* [What this task involves]
Only one stretch of the material below is wanted: everything from the line containing "16K Gold Filled" down to the line containing "Cristo - St.", both ends included. Repeat it exactly and skip the pictures.
::: Data records :::
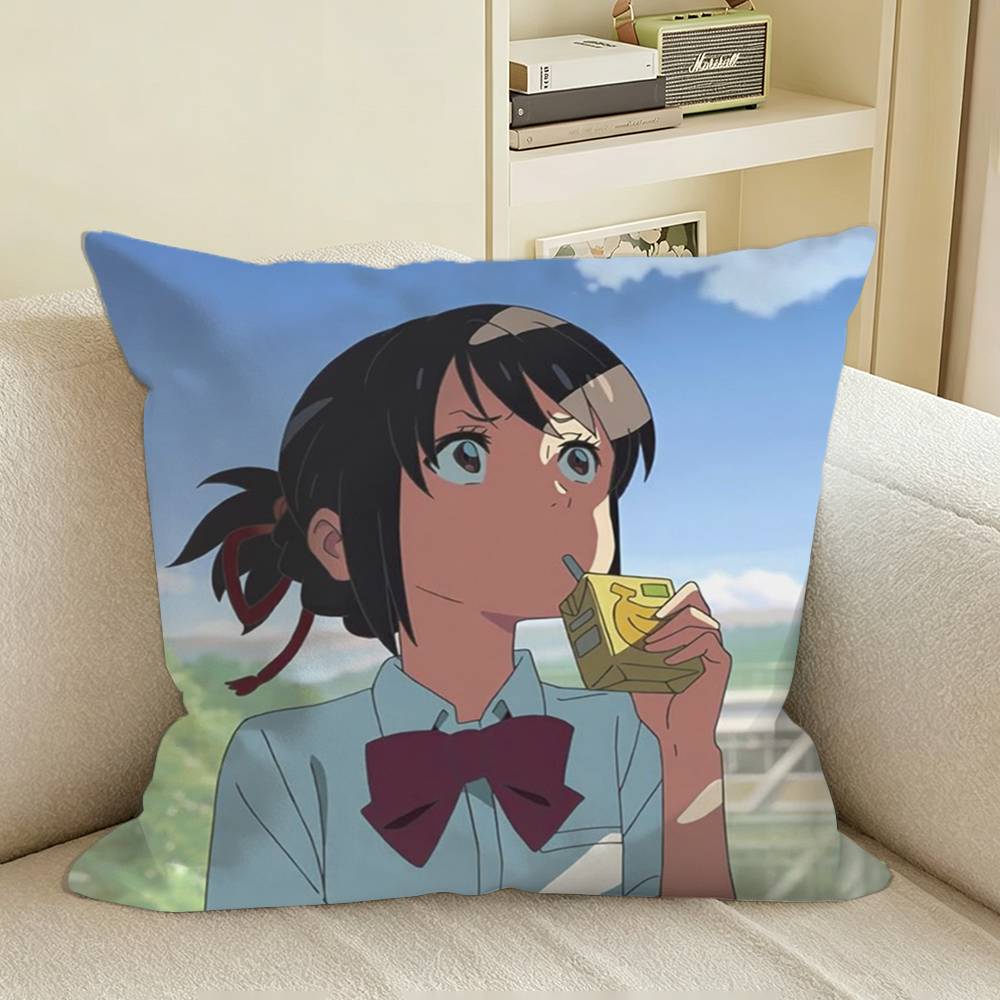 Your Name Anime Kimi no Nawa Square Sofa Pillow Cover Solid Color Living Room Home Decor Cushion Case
:::
::: Data records :::
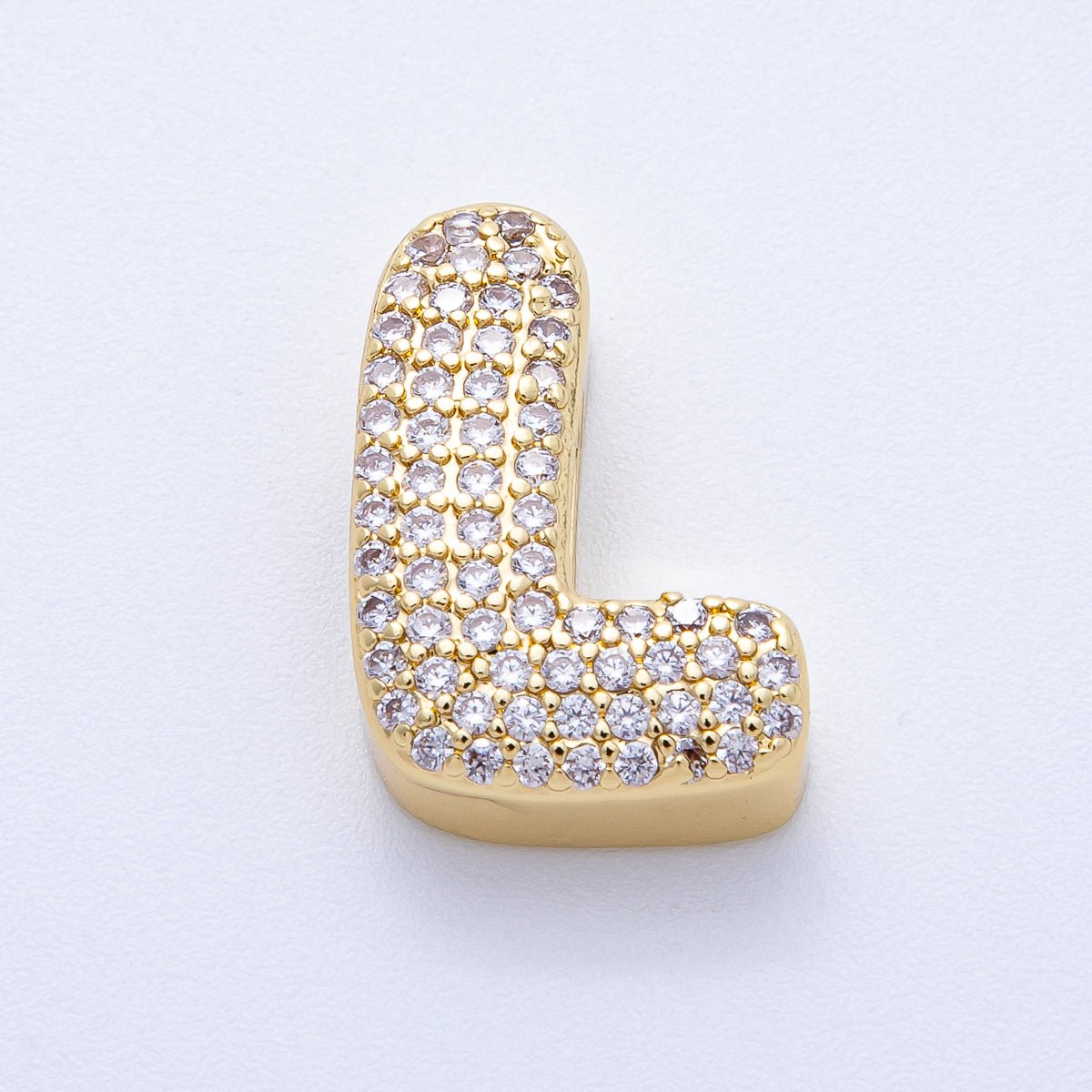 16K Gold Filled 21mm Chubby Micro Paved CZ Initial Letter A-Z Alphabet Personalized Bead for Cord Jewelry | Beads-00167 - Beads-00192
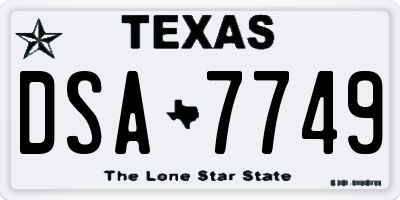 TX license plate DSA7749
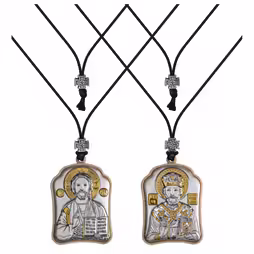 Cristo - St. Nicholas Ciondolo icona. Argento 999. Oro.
:::
* [Answer below]
 16K Gold Filled 21mm Chubby Micro Paved CZ Initial Letter A-Z Alphabet Personalized Bead for Cord Jewelry | Beads-00167 - Beads-00192
 TX license plate DSA7749
 Cristo - St. Nicholas Ciondolo icona. Argento 999. Oro.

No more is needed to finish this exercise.